Estanques, fuentes, puentes sobre recreados riachuelos con coloridos peces japoneses, marquesinas que cubrían merenderos sin temor a un imprevisto, niños siendo felices con balones y entre carreras, colinas que descubrían una ciudad distinta desde una atalaya coronada por los últimos destellos dorados del día.
Un edén en medio de un desierto de cementos.
Sandra dejó el paso decidido por aquél otro de hacía ya varios minutos. Cedió el ritmo por otro corto, sin brío y nervioso. Eran la emoción ante el encuentro.
Ante ella, la entrada que oteaba antes con lejanía se hacía inmensa. Dos grandes rejas enlutadas, con diversos adornos florales entre sus barrotes, daban entrada y salida al recinto. Desde el exterior se descubría un gran pedestal en piedra encalado, con una soberbia cruz que mandaba en la bienvenida y despedida, recuerdo de los que allí fueron enterrados por aquella epidemia que asoló a todo el país.
Pisó el enladrillado de aquella entrada parqueña y se dispuso a acudir, al fin, a esa cita a la que no sabía si, en realidad, quería haberse presentado.
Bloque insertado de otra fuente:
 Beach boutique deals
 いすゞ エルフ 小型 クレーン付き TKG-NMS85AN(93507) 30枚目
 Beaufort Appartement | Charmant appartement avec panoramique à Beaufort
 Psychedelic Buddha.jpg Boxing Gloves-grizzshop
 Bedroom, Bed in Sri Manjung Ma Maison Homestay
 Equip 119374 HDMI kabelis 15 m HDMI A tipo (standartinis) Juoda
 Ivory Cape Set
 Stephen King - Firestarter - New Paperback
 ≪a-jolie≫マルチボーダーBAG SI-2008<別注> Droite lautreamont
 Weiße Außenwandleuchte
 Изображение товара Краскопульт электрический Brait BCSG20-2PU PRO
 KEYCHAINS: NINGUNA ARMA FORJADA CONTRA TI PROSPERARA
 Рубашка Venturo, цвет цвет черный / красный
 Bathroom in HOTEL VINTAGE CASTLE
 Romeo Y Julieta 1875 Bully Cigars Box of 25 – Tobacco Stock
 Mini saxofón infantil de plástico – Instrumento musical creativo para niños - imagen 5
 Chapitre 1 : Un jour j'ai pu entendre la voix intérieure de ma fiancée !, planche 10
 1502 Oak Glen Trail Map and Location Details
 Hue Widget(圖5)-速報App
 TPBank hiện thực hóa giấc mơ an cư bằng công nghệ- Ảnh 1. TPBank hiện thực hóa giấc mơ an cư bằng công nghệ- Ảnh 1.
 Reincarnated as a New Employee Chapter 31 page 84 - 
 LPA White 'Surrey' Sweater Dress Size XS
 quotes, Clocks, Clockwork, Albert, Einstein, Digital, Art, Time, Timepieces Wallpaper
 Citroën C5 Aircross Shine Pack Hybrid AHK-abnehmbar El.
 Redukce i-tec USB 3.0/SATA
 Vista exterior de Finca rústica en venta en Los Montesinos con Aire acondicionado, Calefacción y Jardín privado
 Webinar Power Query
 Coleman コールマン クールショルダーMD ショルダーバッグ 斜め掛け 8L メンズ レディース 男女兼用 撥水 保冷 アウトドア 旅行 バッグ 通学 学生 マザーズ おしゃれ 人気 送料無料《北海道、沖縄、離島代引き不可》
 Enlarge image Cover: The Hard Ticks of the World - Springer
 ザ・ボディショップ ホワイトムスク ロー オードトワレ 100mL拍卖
Pasó cerca del estanque de los Amantes; un sitio con un minúsculo edificio en mitad del lago, donde la leyenda local hablaba de una pedida en matrimonio y una negativa de parte de la requerida lo que ocasionó, tras la marcha del lugar de ella, que el desconsolado hombre se suicidase ante aquellas aguas con un disparo en la sien.
- "El tremendismo patrio"- dijo para dentro.
Si la historia era verdadera o sólo un reclamo más para atraer visitantes a aquél vergel, no importaba mucho a Sandra. Pero tenía claro que era efectista y, sin duda, el entorno, propio de una novela pastoril le imprimía fuerza.
En fin, una triste historia que daba al lugar otro punto más de melancolica visión.
Al dejar aquella zona recordó a Santiago. En su corazón un presentimiento desolador le conmovió. Sabía que él no sería capaz de repetir aquella historia, pero...
Un escalofrío azotó su cuerpo, como si no creyese en aquello de lo que estaba tan segura. Ese chico era totalmente dependiente de ella y, aunque la situación ahora suponía una ruptura, conocía a la perfección la reacción de él. No cejaría en su empeño de recuperar o, cuanto menos, de intentar convencer a fuerza de proposiciones de ser, cuanto menos, un muñeco en sus manos.
En ese momento, una vibración en su bolso primero, después una musiquilla breve. Tan solo unos compases del Concierto para flauta y arpa K-299 que tenía como melodía para llamadas.
Sacó de nuevo su teléfono móvil para leer la pantalla y volvió a sonar, justo en ese momento. Miró la hora que aparecía iluminada: las seis y diez.
- "¡Son casi y cuarto! ¡Mierda!"- la muchacha miró a su alrededor con un tono rojizo en su tez, fijándose que un grupo de chicos que pasaban cerca oyeron el improperio y su gesto infantil al decirlo, lo que ocasionó algunas risas entre ellos.
La melodía seguía insistente, y en la interfaz de su aparato un nombre inesperado.